The National Tourism Strategy of Saudi Arabia aims to attract 150 million visitors by 2030 and increase the sector’s contribution to the nation’s gross domestic product from 6 percent to 10 percent.

The Line, which stretches across 170 km, is expected to accommodate 9 million visitors upon completion. The city will run on 100 percent renewable energy, and 95 percent of the land will be preserved for nature. 

“As development and construction of The Line progresses, we have established a unique partnership that brings world-leading city design and engineering expertise to deliver phase one,” said Denis Hickey, chief development officer at The Line. 

He added: “Collaboration is at the core of this, with a city-wide best practice group that will showcase how innovation can change the way we consider, design and build cities forever. This reflects NEOM’s vision and global ambition.” 

According to the press statement, design firm Gensler has been appointed city planning consultant for phase one.
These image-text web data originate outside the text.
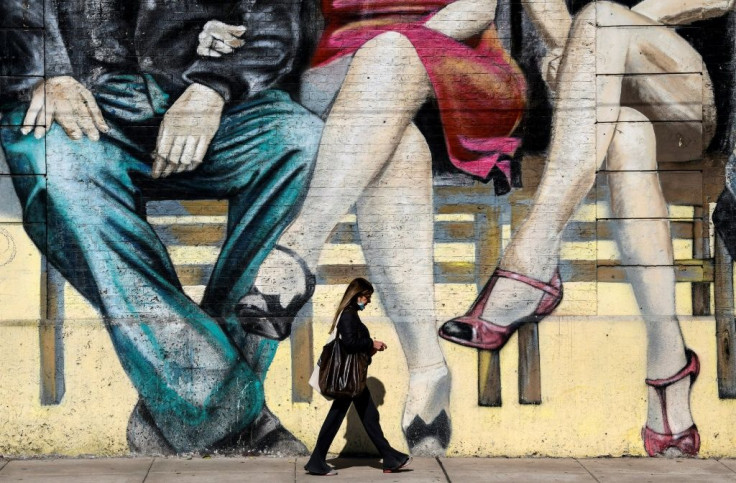 A woman walks past a mural featuring tango dancers in Buenos Aires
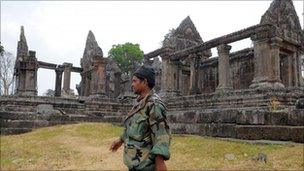 A Cambodian soldier walks past the Preah Vihear temple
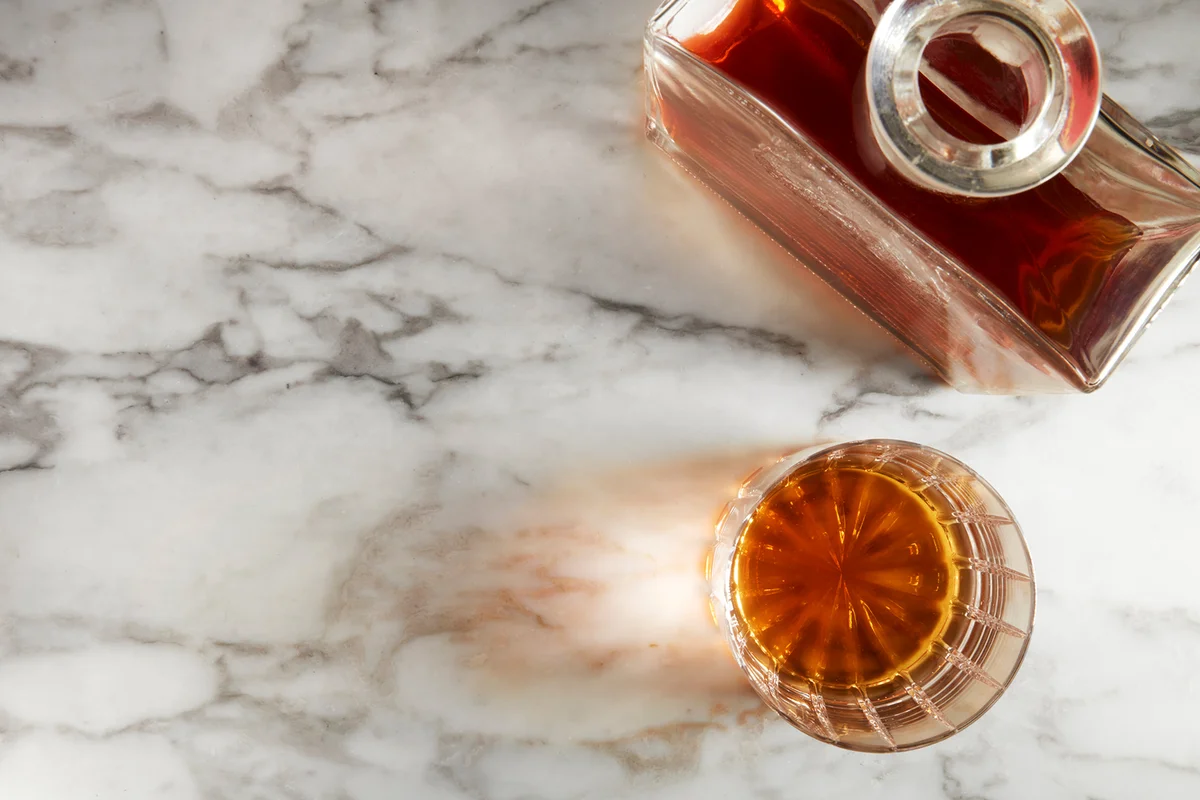whiskey bottle and crystal rock glass on marble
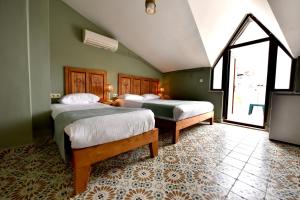 Säng eller sängar i ett rum på Adakale Butik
The company will work on design coordination and planning, providing leadership and governance across the project in crucial areas, including planning policies and frameworks, land use, and design compliance. 

Gensler has also been appointed as the city asset design architect for critical infrastructure, including transport hubs and the public realm.

NEOM added that Mott MacDonald has been enlisted as the city infrastructure engineer. The company will drive management and control of vertical and horizontal structures and city utility systems for phase one. 

Mott MacDonald’s role will also focus on the efficiency and sustainability of the design for a functional, constructible, and operable city.

In October, NEOM announced the opening of Sindalah, the luxury island destination located within the project.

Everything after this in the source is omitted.